Commonly used statistical tests for data on a single categorical variable. These methods test whether a population parameter equals the value proposed in the null hypothesis or whether a specific probability model fits a frequency distribution. Adapted from Whitlock & Schluter 3e. W.H. Freeman and Company.
Goal Test
Use frequency data to test whether a population proportion equals a null hypothesized value

Binomial test (Lecture 9)

\(\chi^2\) goodness-of-fit test with two categories (use if sample size is too large for the binomial test) (Lecture 10)

Use frequency data to test the fit of a specific population model \(\chi^2\) goodness-of-fit test (Lecture 10)

If you have one numerical variable

Commonly used statistical tests for data on a single numerical variable. These methods test whether a population parameter equals the value proposed in the null hypothesis or whether a specific probability model fits a frequency distribution. Adapted from Whitlock & Schluter 3e. W.H. Freeman and Company.
Goal Test
Test whether the mean equals a null hypothesized value when data are approximately normal (possibly only after a transformation) (13) One-sample \(t\)-test (Lecture 14)
Test whether the median equals a null hypothesized value when data are not normal (even after transformation) Sign test (Lecture 16)
Use frequency data to test the fit of a discrete probability distribution \(\chi^2\) goodness-of-fit test (Lecture 11)
Use data to test the fit of the normal distribution Shapiro-Wilk test (Lecture 16)

Tests of association between two variables

Commonly used tests of association between two variables. Adapted from Whitlock & Schluter 3e. W.H. Freeman and Company.
Type of Explanatory Variable
Ca tegorical Numerical
Type of Response Variable Ca tegorical Contingency analysis (Lecture 12) Logistic Regression (Lecture 23)
Numerical See next slide

Linear Correlation (Lecture 21) and Spearman’s rank correlation (when data are not bivariate normal) (Lecture 21)

Linear regression (Lecture 22) and nonlinear regression (Lecture 23)

Comparing group means

A comparison of methods to test differences between group means according to whether the tests assume normal distributions.
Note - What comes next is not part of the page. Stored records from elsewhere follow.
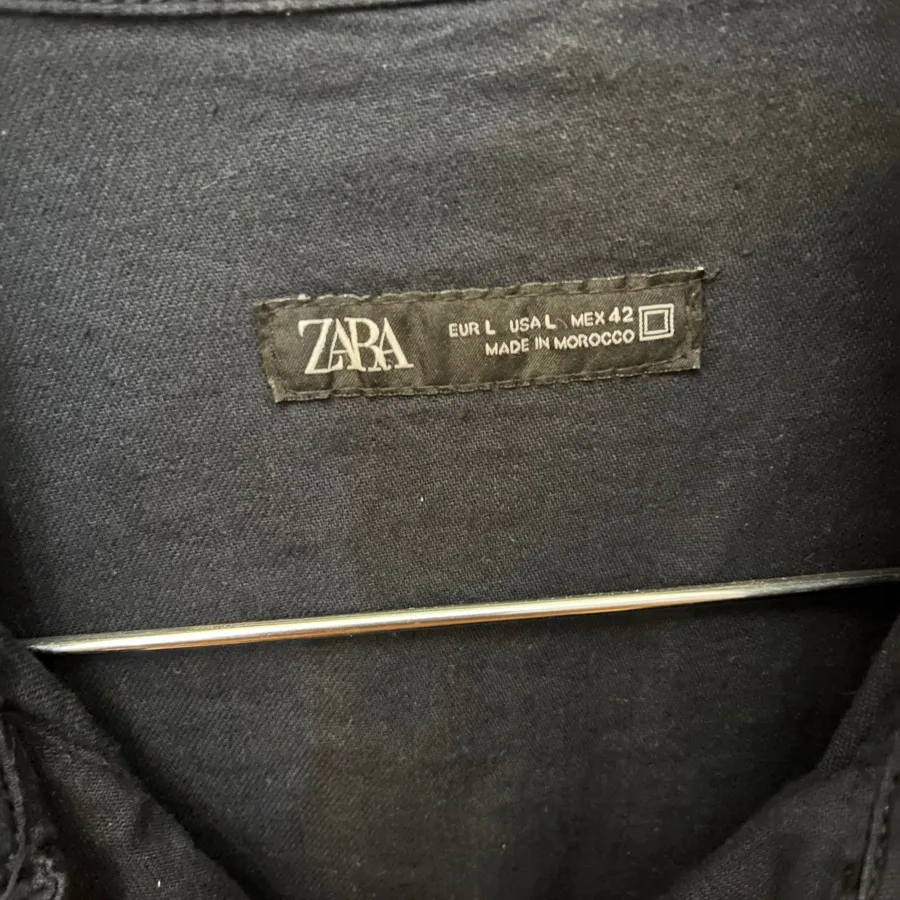 پیراهن مردونه Zara
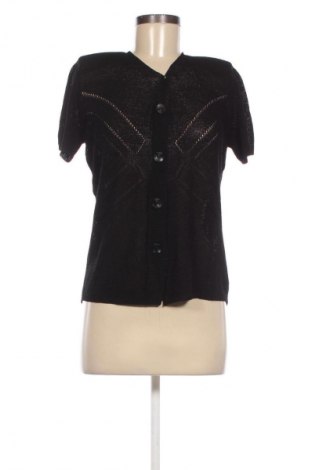 Női kardigán Unbranded, Méret M, Szín Fekete, Ár 1 399 Ft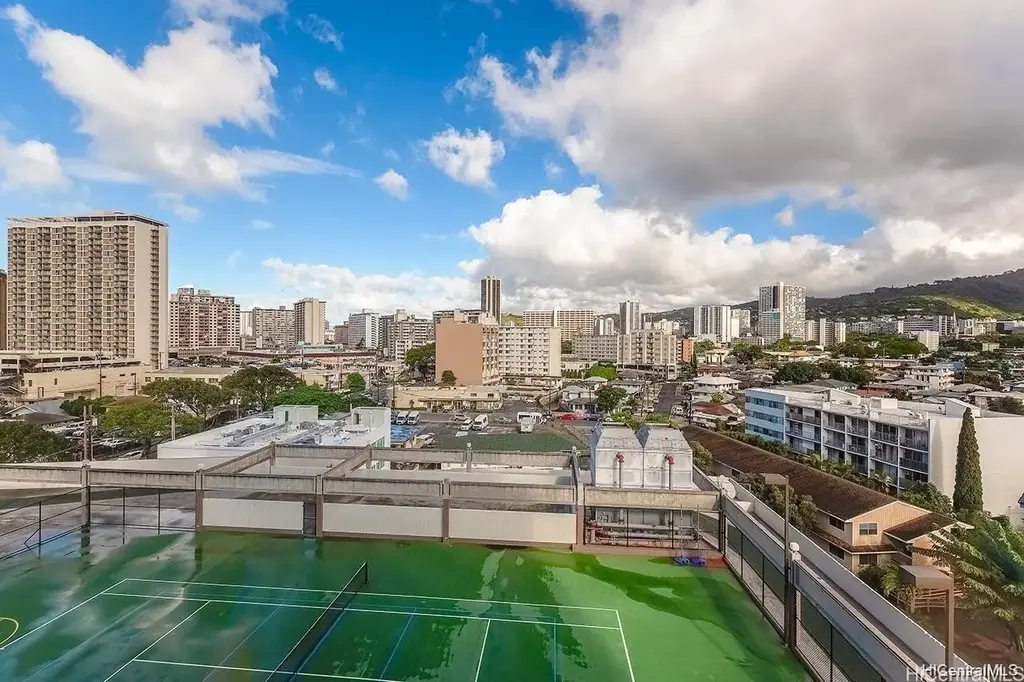1750 Kalakaua Avenue # 912, Honolulu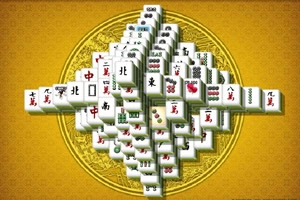 Tower Mahjong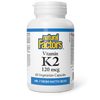 K2 120MCG 60VCAP NFACTEURS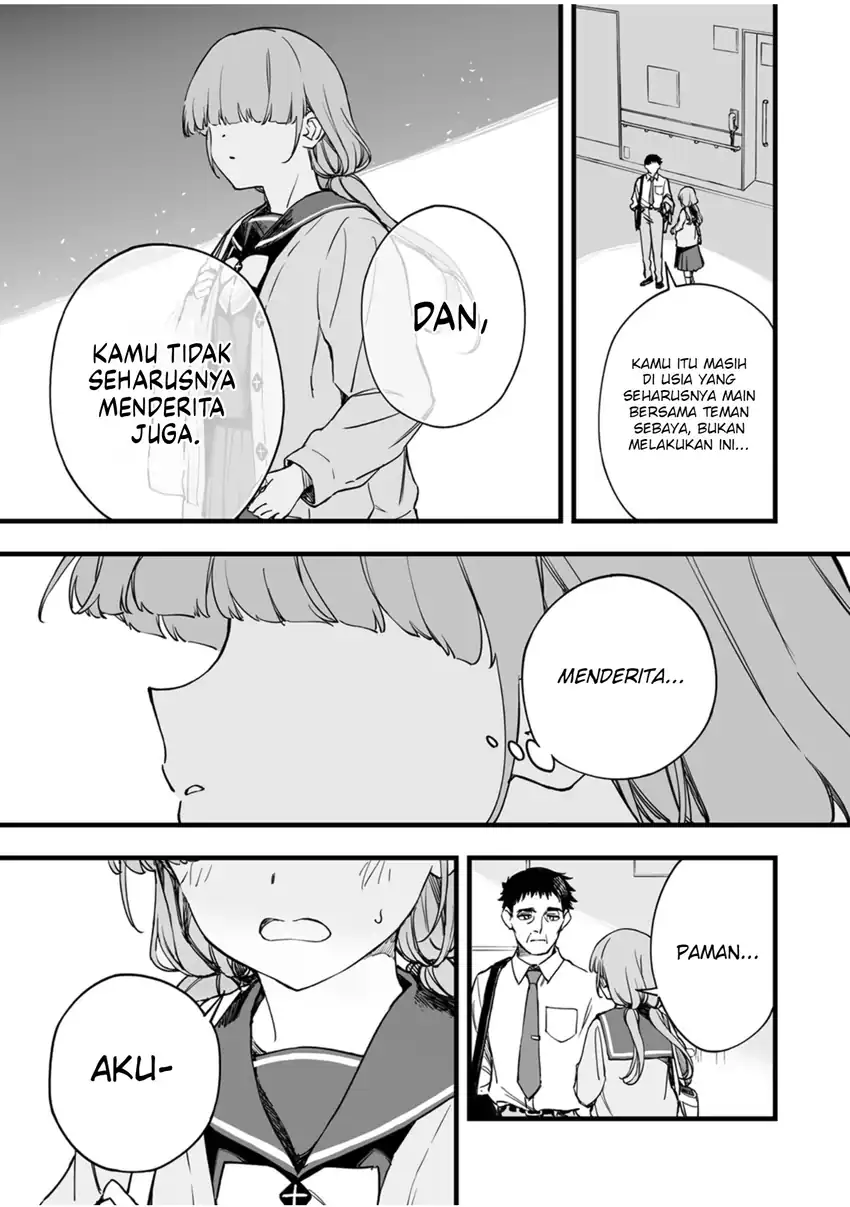 Yuusha Party kara Oidasareta Fuguushoku [Wanashi] Yunikku Sukiru [Yajirushi] de Saikyou ni Naru Chapter 11 - halaman 20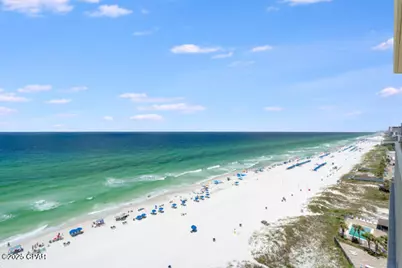 8601 Surf Drive #11W, Panama City Beach, FL 32408 - Photo 51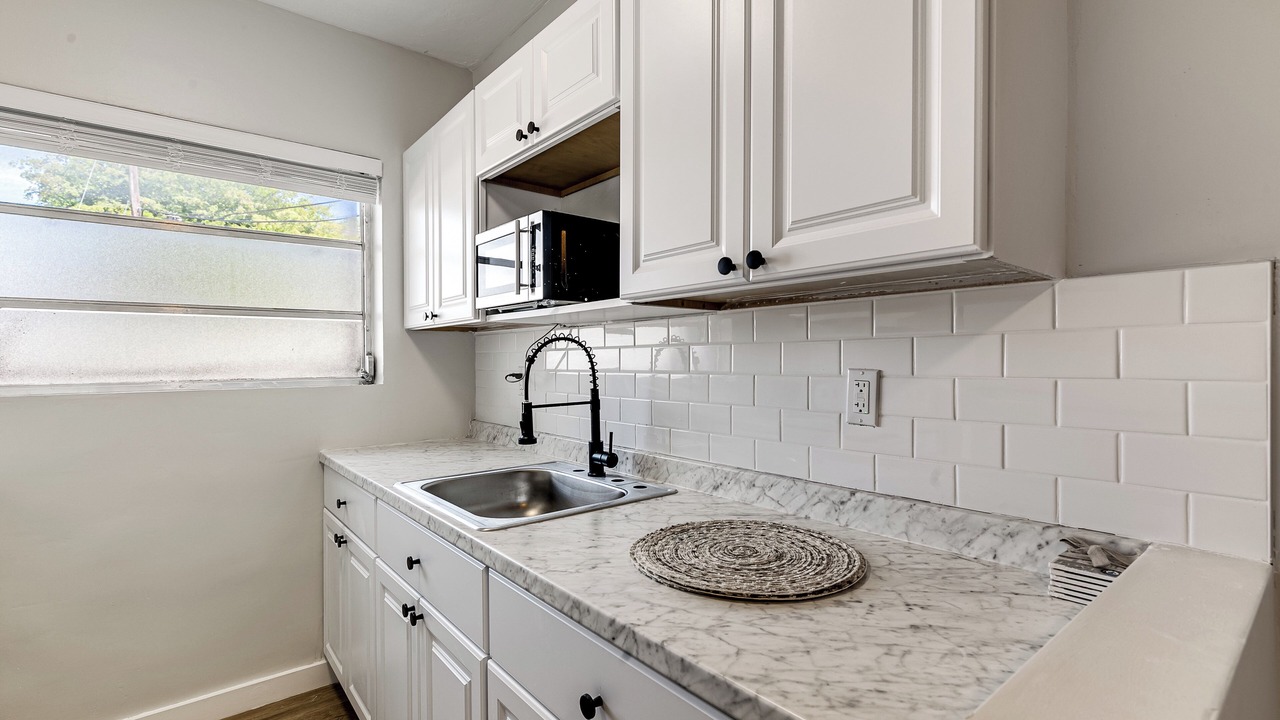 Photo of Kitchen in Virginia Gardens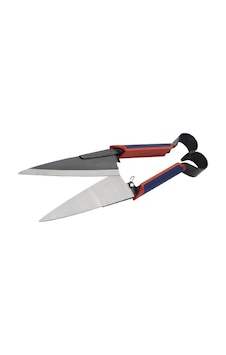 Spear And Jackson 4855Ts Çit Kesme Ve Süsleme Makası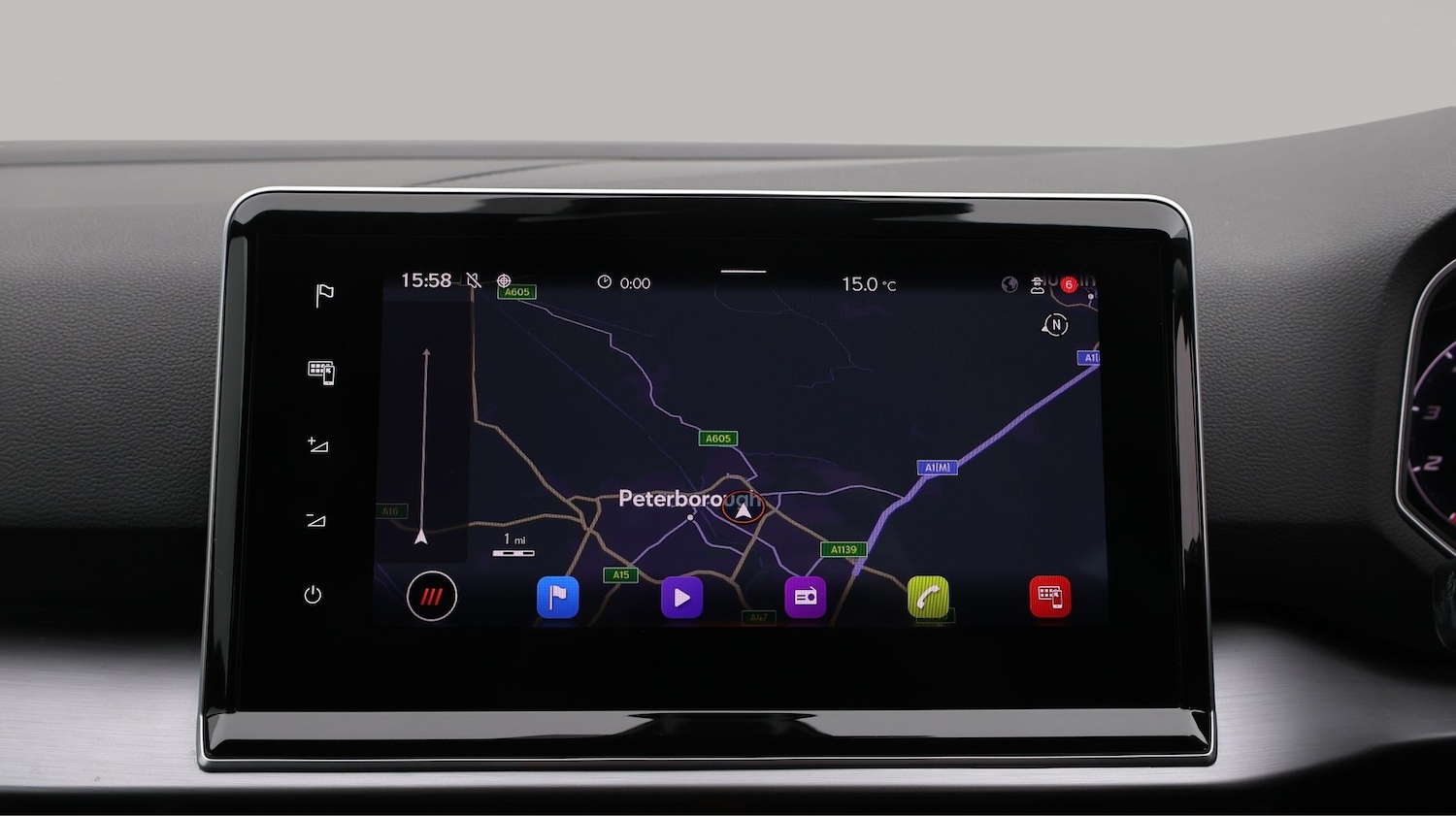 Used SEAT Tarraco 2022 for sale - 77501588: Photo 11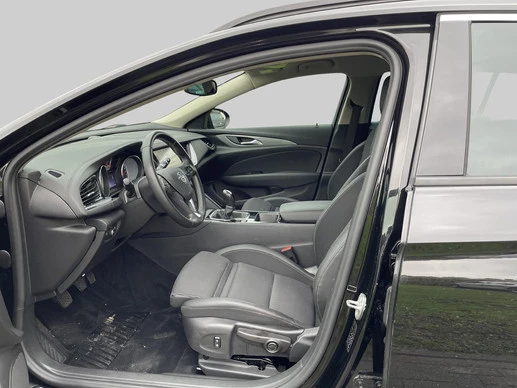 Opel Insignia - Afbeelding 12 van 30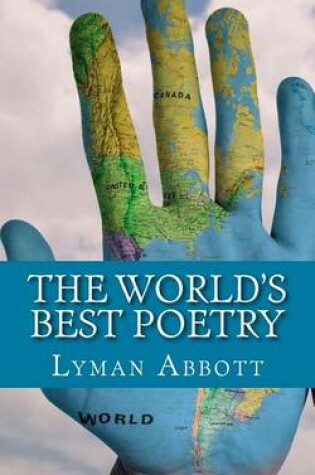 Cover of The World's Best Poetry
Adapted from Whitlock & Schluter 3e. W.H. Freeman and Company.
Number of treatments Tests assuming normal distribution Fewer assumptions (do not require normality)
Two treatments (independent samples)

Pooled variance two-sample \(t\)-test (Lecture 15) (assumes equal variances, not commonly used)

Welch’s two-sample \(t\)-test (Lecture 15) (Preferred when variances are unequal (often the default in practice)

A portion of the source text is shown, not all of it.